== Stored data
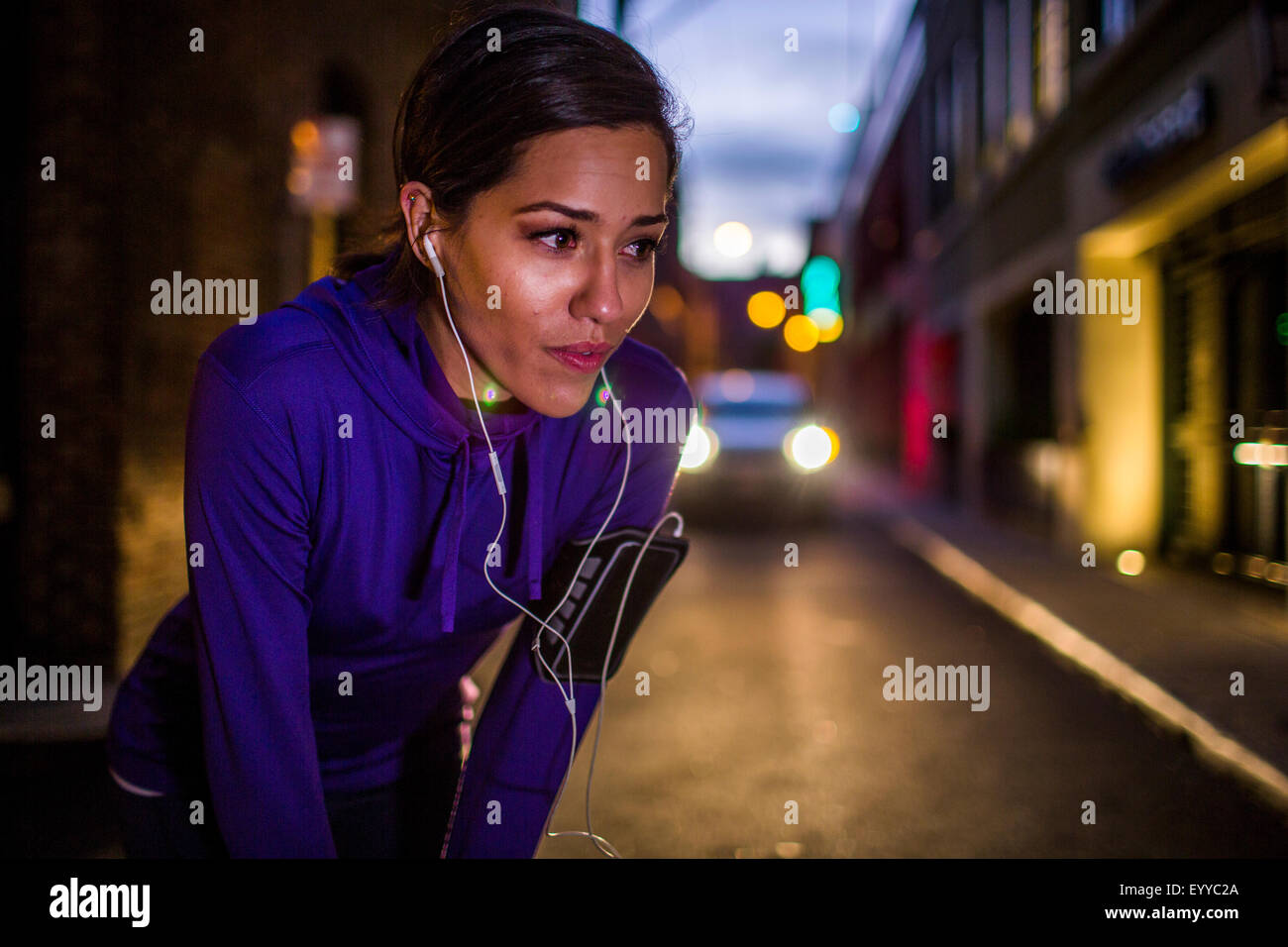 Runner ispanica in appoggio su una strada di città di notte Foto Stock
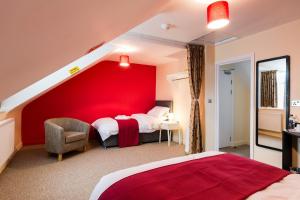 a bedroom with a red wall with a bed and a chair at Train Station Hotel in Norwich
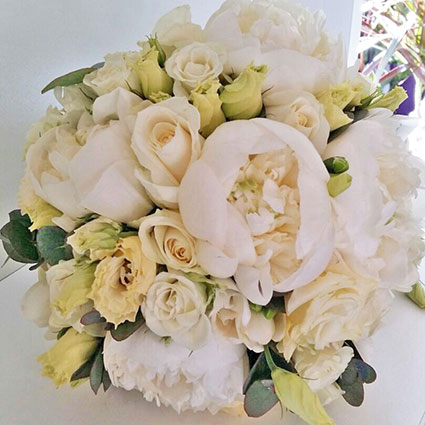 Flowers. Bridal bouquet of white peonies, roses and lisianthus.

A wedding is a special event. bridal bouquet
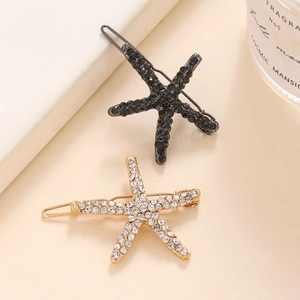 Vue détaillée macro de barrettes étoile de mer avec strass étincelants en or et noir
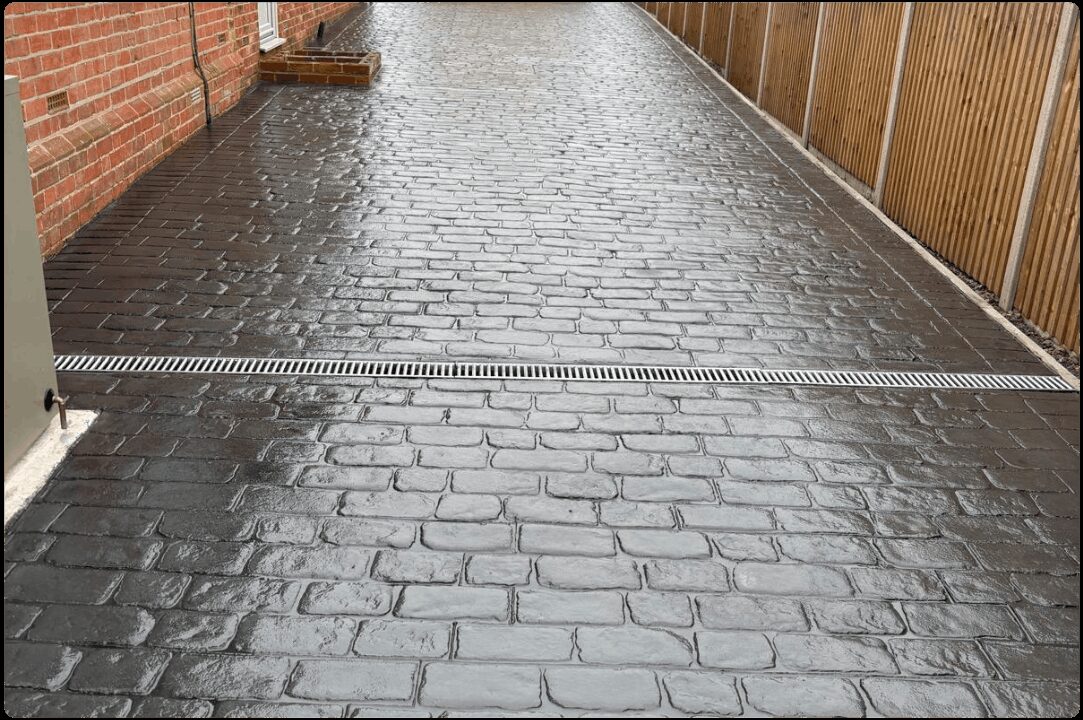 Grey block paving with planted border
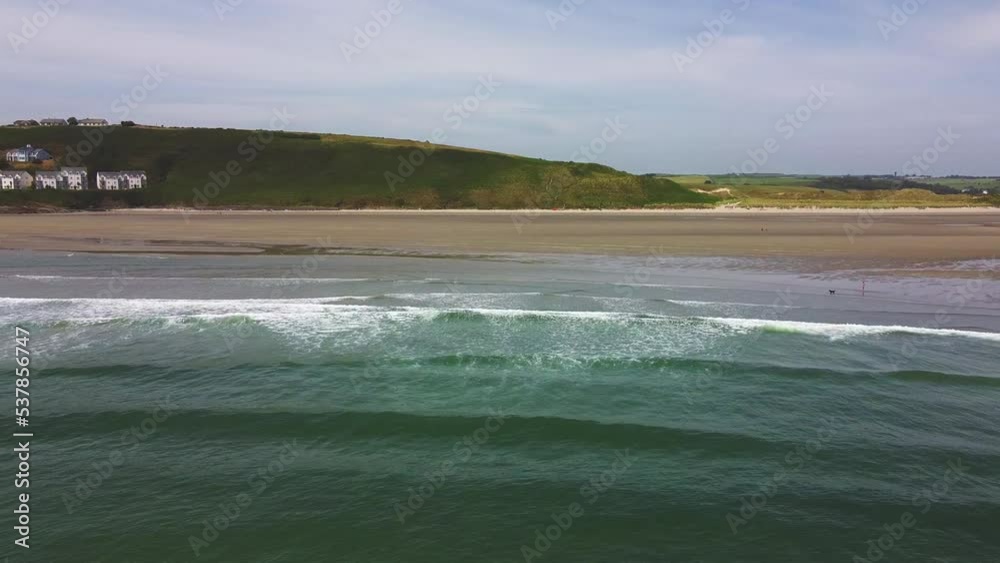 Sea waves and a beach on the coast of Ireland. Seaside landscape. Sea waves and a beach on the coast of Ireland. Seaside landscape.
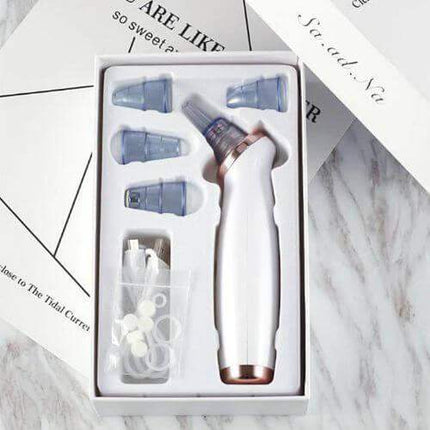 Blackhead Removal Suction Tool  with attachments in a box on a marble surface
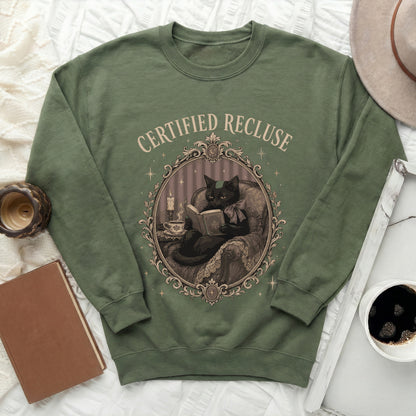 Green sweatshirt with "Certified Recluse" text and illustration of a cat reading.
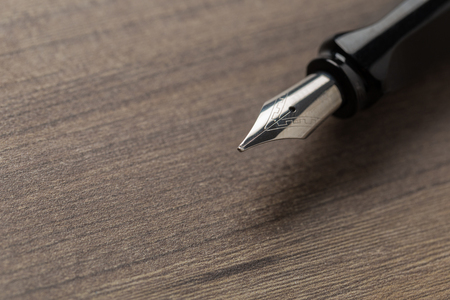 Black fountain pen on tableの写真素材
====
Each record above should be returned unchanged, except that the pictures are dropped.

 Runner ispanica in appoggio su una strada di città di notte Foto Stock
 a bedroom with a red wall with a bed and a chair at Train Station Hotel in Norwich
 Flowers. Bridal bouquet of white peonies, roses and lisianthus.

A wedding is a special event. bridal bouquet
 Vue détaillée macro de barrettes étoile de mer avec strass étincelants en or et noir
 Grey block paving with planted border
 Sea waves and a beach on the coast of Ireland. Seaside landscape. Sea waves and a beach on the coast of Ireland. Seaside landscape.
 Blackhead Removal Suction Tool  with attachments in a box on a marble surface
 Green sweatshirt with "Certified Recluse" text and illustration of a cat reading.
 Black fountain pen on tableの写真素材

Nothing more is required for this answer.